# [WHAT YOU NEED TO DO]
In the listing below, find the line with "آموزش دوخت لباس مجلسی" and the line with "salvatore ferragamo bright", then return them and every line between them exactly, minus the pictures.

# [SUPPLIED MATERIAL]

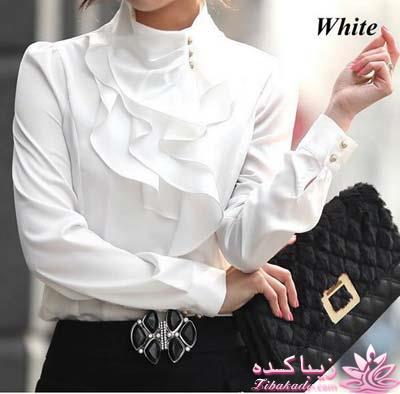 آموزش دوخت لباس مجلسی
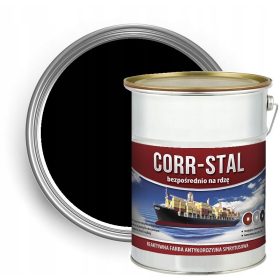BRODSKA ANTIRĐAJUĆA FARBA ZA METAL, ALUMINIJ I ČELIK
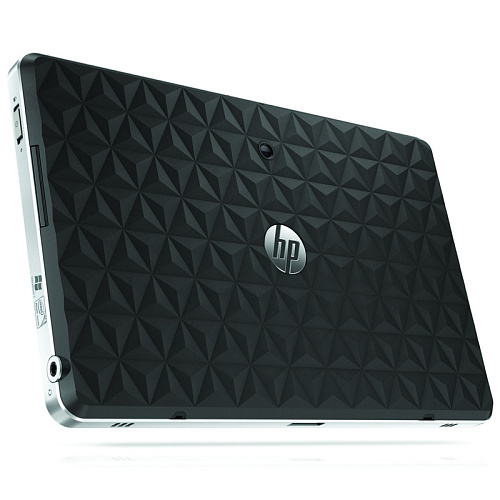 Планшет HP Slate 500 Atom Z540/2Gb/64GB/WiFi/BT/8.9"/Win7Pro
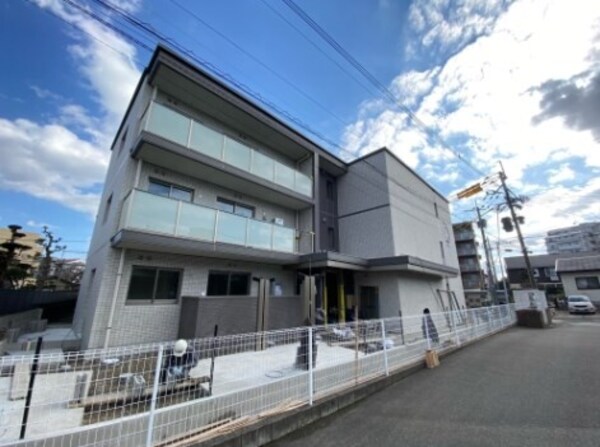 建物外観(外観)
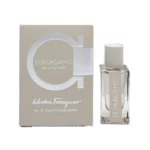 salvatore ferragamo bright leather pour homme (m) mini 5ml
==
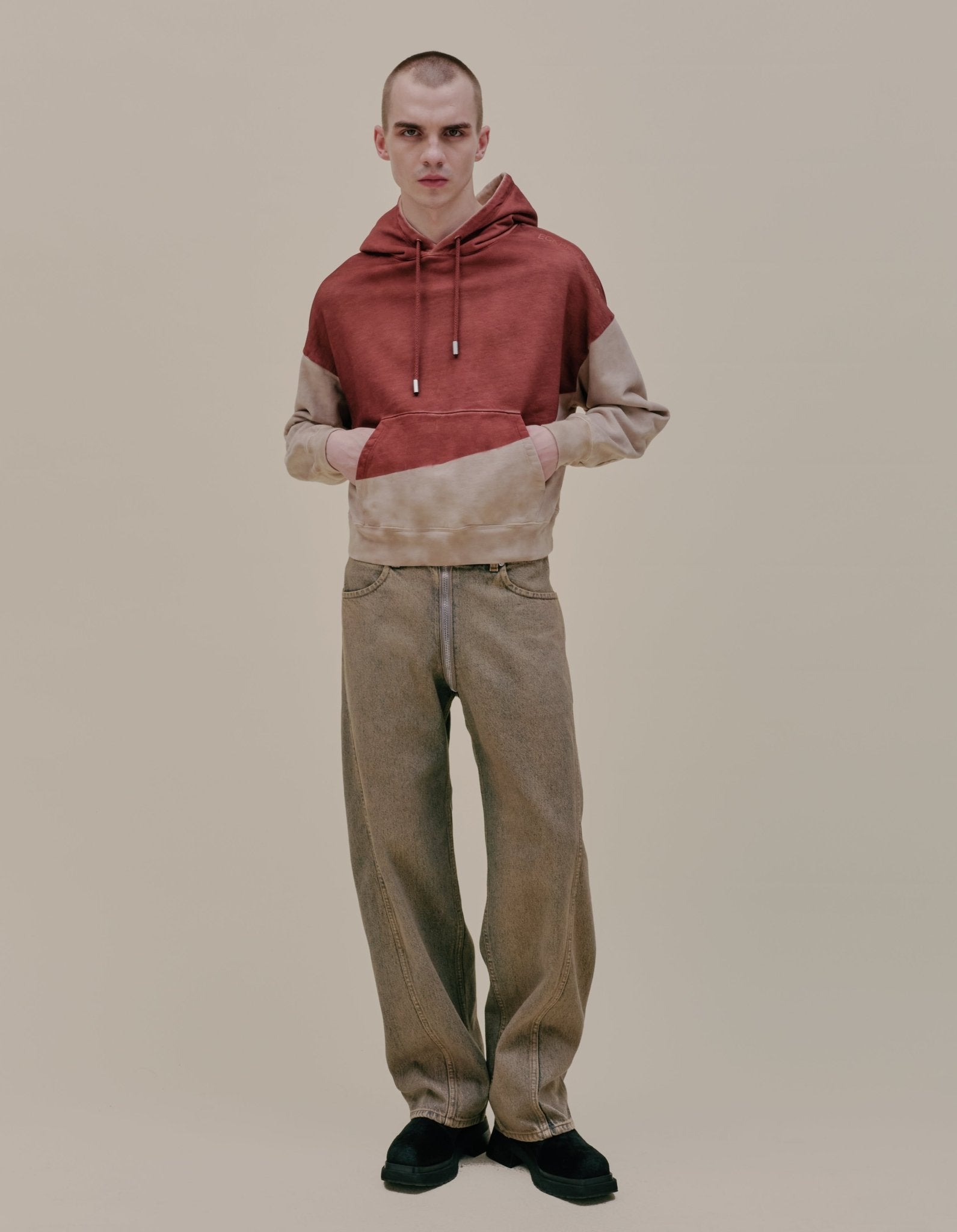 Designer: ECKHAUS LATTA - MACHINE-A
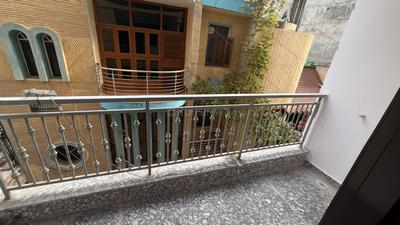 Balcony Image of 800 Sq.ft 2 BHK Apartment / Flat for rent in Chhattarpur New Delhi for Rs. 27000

# [TASK ANSWER]
 آموزش دوخت لباس مجلسی
BRODSKA ANTIRĐAJUĆA FARBA ZA METAL, ALUMINIJ I ČELIK
 Планшет HP Slate 500 Atom Z540/2Gb/64GB/WiFi/BT/8.9"/Win7Pro
 建物外観(外観)
 salvatore ferragamo bright leather pour homme (m) mini 5ml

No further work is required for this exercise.